THE INPUT.
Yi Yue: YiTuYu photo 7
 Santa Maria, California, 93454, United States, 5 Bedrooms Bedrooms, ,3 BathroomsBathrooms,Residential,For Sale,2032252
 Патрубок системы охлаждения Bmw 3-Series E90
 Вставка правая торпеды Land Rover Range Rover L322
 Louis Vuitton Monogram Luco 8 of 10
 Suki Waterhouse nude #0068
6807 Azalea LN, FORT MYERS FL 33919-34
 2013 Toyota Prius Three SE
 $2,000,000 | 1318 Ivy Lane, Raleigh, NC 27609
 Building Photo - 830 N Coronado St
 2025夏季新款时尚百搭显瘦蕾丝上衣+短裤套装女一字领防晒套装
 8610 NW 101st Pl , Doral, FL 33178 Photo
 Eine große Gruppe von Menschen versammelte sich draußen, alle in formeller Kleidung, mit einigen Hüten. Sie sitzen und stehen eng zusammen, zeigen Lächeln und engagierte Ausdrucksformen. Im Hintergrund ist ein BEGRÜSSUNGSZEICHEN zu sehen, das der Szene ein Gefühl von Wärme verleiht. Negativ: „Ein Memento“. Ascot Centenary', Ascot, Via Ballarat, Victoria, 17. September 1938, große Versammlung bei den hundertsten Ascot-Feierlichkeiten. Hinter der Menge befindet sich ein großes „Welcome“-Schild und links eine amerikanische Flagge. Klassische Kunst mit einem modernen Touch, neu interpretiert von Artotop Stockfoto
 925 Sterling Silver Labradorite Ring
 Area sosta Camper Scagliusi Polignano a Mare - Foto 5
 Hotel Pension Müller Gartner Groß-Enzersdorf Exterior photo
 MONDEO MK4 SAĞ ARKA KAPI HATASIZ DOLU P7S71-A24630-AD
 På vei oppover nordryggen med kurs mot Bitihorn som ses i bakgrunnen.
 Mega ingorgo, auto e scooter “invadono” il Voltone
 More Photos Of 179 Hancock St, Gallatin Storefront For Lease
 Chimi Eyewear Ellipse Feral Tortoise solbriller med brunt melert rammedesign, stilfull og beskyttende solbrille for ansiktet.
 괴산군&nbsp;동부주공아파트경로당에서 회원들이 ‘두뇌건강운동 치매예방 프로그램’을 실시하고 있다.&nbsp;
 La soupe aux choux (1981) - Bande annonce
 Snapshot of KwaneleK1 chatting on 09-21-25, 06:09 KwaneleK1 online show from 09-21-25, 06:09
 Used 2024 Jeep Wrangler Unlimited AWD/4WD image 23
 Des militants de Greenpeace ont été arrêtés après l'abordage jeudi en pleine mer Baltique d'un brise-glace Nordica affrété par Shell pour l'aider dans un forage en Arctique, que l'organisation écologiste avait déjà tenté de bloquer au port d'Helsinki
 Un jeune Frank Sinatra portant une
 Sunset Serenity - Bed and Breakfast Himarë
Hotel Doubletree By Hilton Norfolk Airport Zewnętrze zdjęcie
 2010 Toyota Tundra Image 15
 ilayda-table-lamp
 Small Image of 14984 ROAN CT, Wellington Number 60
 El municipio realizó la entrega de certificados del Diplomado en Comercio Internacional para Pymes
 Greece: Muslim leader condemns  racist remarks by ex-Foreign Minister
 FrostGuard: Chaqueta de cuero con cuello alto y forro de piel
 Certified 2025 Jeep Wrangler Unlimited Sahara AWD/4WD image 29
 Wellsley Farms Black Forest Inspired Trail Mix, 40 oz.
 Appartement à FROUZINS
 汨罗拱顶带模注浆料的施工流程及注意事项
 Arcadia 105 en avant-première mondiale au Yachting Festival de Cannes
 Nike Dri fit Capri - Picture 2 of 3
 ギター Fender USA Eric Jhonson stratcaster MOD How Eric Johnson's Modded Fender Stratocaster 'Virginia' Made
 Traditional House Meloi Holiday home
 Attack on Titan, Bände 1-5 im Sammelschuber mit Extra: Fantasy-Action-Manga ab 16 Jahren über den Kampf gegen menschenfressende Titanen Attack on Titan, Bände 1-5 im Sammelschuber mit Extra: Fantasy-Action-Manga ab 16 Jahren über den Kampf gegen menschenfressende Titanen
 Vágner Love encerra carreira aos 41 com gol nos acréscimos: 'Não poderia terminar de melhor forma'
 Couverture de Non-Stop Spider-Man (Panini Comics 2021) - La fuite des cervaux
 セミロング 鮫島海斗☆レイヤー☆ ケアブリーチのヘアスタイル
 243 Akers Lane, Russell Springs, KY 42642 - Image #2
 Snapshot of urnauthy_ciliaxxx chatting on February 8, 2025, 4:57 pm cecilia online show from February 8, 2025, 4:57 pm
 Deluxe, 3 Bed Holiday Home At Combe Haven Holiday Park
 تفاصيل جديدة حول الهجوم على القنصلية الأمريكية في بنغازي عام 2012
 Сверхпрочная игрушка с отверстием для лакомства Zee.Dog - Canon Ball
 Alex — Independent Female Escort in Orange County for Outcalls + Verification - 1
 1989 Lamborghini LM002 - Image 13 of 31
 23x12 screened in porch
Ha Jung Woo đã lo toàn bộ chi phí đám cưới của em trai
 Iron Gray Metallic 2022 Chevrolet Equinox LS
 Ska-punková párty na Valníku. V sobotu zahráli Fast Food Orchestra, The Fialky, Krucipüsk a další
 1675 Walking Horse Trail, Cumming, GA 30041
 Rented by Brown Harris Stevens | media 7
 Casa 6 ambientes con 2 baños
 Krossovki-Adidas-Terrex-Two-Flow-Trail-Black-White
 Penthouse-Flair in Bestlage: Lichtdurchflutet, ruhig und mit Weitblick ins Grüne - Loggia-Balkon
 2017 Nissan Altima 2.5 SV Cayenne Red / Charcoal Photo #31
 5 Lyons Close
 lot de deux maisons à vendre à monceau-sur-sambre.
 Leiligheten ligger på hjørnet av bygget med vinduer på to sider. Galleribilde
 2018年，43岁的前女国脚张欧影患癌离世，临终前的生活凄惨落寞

BRIEF.
Repeat, exactly as they stand above, the lines from the line with "925 Sterling Silver Labradorite Ring" to the line with "Used 2024 Jeep", both lines included.

RESULT BELOW.
 925 Sterling Silver Labradorite Ring
 Area sosta Camper Scagliusi Polignano a Mare - Foto 5
 Hotel Pension Müller Gartner Groß-Enzersdorf Exterior photo
 MONDEO MK4 SAĞ ARKA KAPI HATASIZ DOLU P7S71-A24630-AD
 På vei oppover nordryggen med kurs mot Bitihorn som ses i bakgrunnen.
 Mega ingorgo, auto e scooter “invadono” il Voltone
 More Photos Of 179 Hancock St, Gallatin Storefront For Lease
 Chimi Eyewear Ellipse Feral Tortoise solbriller med brunt melert rammedesign, stilfull og beskyttende solbrille for ansiktet.
 괴산군&nbsp;동부주공아파트경로당에서 회원들이 ‘두뇌건강운동 치매예방 프로그램’을 실시하고 있다.&nbsp;
 La soupe aux choux (1981) - Bande annonce
 Snapshot of KwaneleK1 chatting on 09-21-25, 06:09 KwaneleK1 online show from 09-21-25, 06:09
 Used 2024 Jeep Wrangler Unlimited AWD/4WD image 23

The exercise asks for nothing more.